SOURCE MATERIAL Block Start

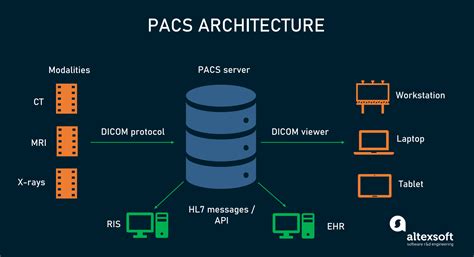 开源PACS服务器
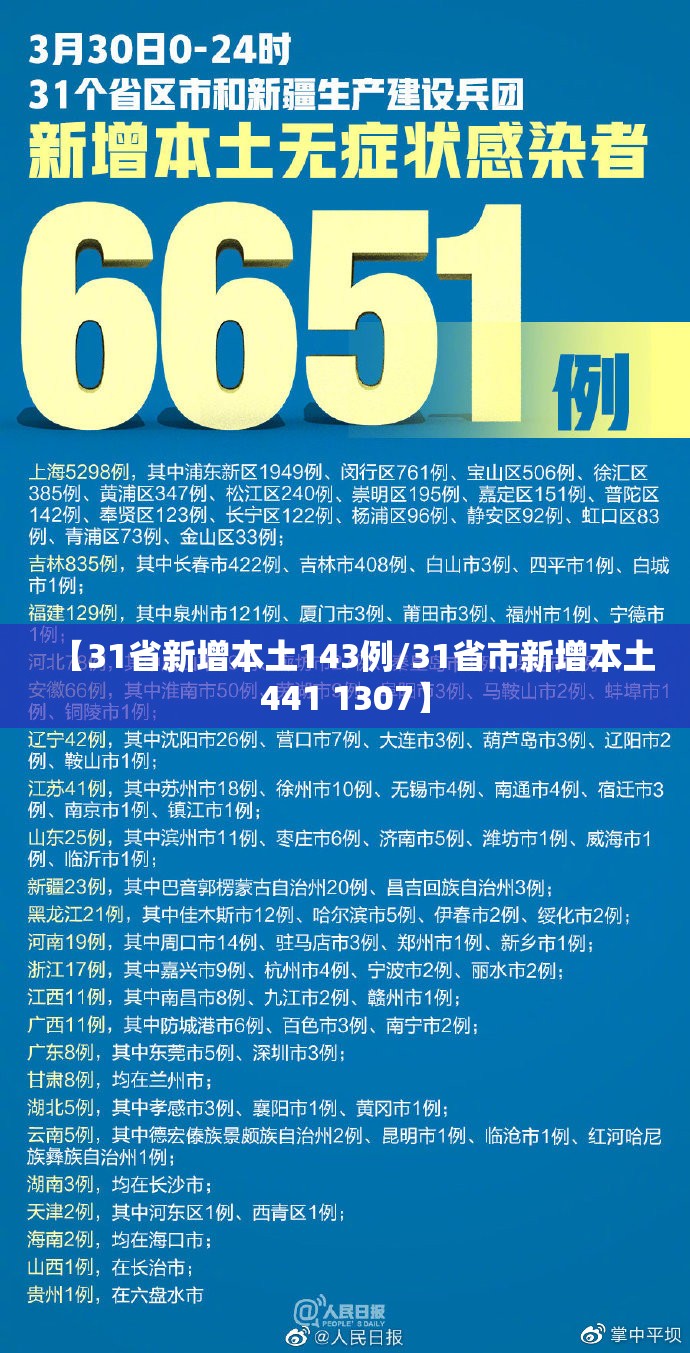 【31省新增本土143例/31省市新增本土441 1307】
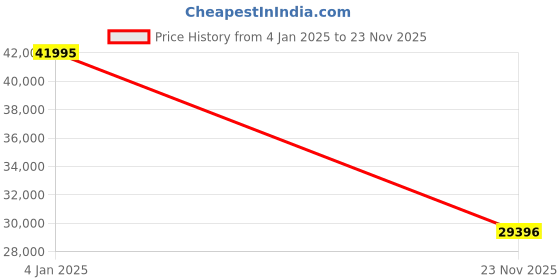 tatacliq.com Gc Z25001L1MF Coussin Sleek Lady Analog Watch for Women gc Price History Graph from 4 Jan 2025 to 23 Nov 2025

SOURCE MATERIAL Block End

WHAT THE TASK ASKS: In your copy, leave out the pictures and reproduce the material above exactly.

PROBLEM SOLUTION:
 开源PACS服务器
 【31省新增本土143例/31省市新增本土441 1307】
 tatacliq.com Gc Z25001L1MF Coussin Sleek Lady Analog Watch for Women gc Price History Graph from 4 Jan 2025 to 23 Nov 2025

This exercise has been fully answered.